В Вашингтоне Айвс придумал другой подход. Он предложил активно продвигать — по сути, рекламировать — наш отдел для других сотрудников ФБР и простых граждан.
— В бюро работают тринадцать тысяч агентов, а у нас меньше дюжины частично занятых сотрудников, — сказал он мне. — Нам нужно использовать в своих интересах два момента: во-первых, идею о том, что ФБР было основано в 1908 году, чтобы помешать перевозке краденого имущества между штатами; во-вторых, романтичный флер преступлений в сфере искусства, голливудский ракурс, как в фильмах «Афера Томаса Крауна» и «Сокровище нации».
Он знал, что голливудские фильмы — карикатура, но считал, что мы можем использовать это в своих интересах. В рамках первого пиар-проекта мы с Айвсом и Магнесс-Гардинер составили список десяти самых интересных преступлений в сфере искусства. Наша десятка самых опасных преступников по версии ФБР вызвала приятную, умеренную волну шумихи. Мне понравился стиль Айвса: он руководил, но мыслил не как бюрократ. К тому же он помогал мне «продавать» нас.
Мы с Айвсом общались раз в два-три дня, и он ездил как куратор по тайным делам, прикрывая мою спину, — редкая роль для такого начальника. Обычно руководители подразделений в центральных офисах выполняли административные и надзорные функции и редко сами участвовали в деле. Но Айвс проявлял особый интерес к преступлениям в сфере искусства. Мой прямой руководитель в Филадельфии, Майкл Карбонелл, проявил мудрость и невозмутимость, позволив мне работать самостоятельно и с Айвсом. Для Карбо это не всегда было просто: его начальство в Филадельфии, которое платило мне зарплату, постоянно приставало к нему с расспросами, где я, чем занимаюсь и какое отношение эта чертова кража картины имеет к задачам местного подразделения. Карбо, легендарный охотник за беглецами и отличный босс, выбрал тот же девиз, что и я: просто делай свою работу, не обращая внимания на офисные дрязги.
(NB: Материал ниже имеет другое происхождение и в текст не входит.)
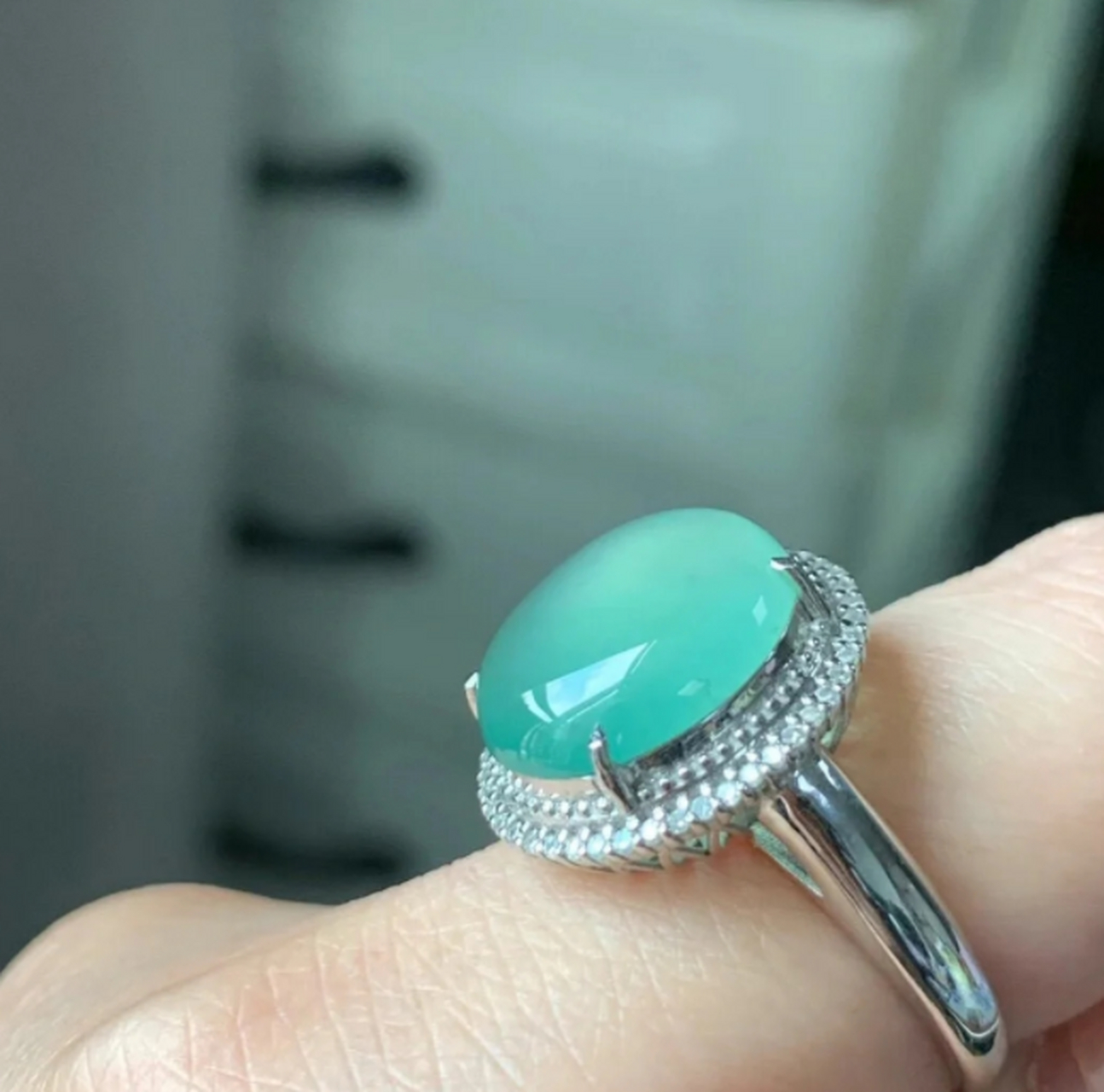 德钰轩珠宝##点击头像看直播# 霞姐找我定做的翡翠蛋面戒指,真的是太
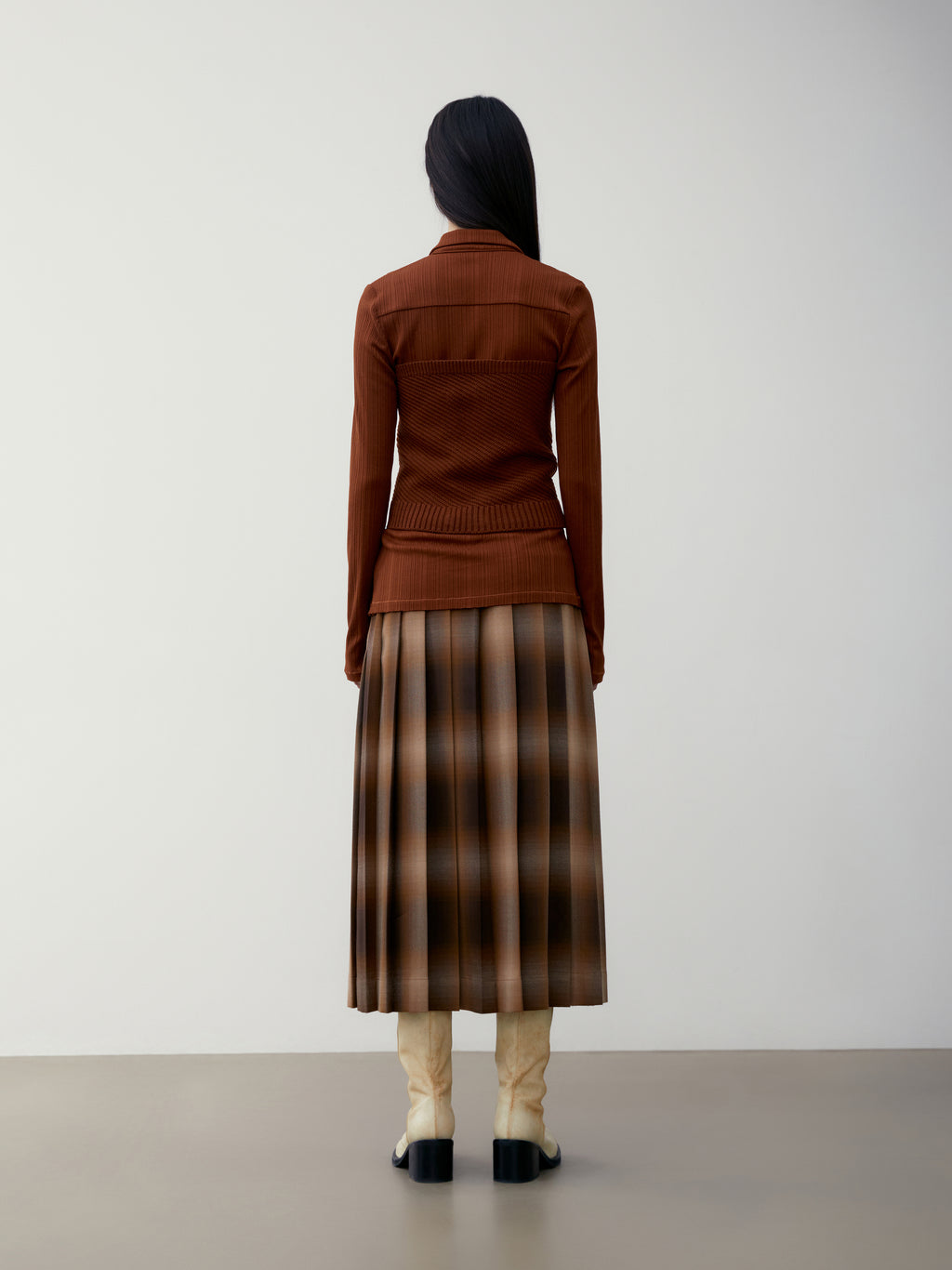 [low_classic] DIAGONAL BUTTON UP BUSTIER
BROWN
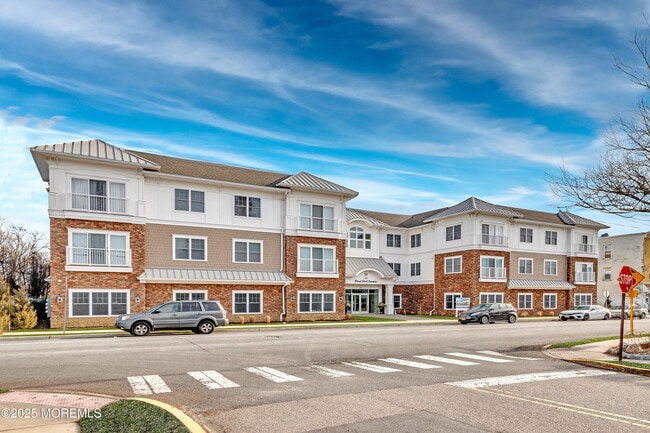 34 Broad St in Manasquan, NJ - Building Photo - Building Photo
К осени 2005 года, заручившись поддержкой Карбо, мы с Айвсом были готовы реализовать свои амбиции.
А они были огромны.
Копенгаген, 2005 год
— Ну как, всё на месте?
Иракец, считавший стопки стодолларовых купюр на узкой кровати в датской гостинице, не ответил, даже не пошевелился. И я снова спросил:
— Всё на месте?
Баха Кадхум хмыкнул, но взгляда не поднял. Он продолжал перебирать пачки купюр в два с половиной сантиметра толщиной, которые я ему принес, аккуратно складывая их на мятой белой простыне. Двести сорок пять тысяч долларов. Взамен он пообещал принести мне украденного Рембрандта стоимостью тридцать пять миллионов. Предположительно картина была у его подельника — и он ждал внизу или возле гостиницы. Всегда есть вероятность, что гангстер подсунет подделку или, хуже того, ограбит меня. Я не сводил глаз с его рук.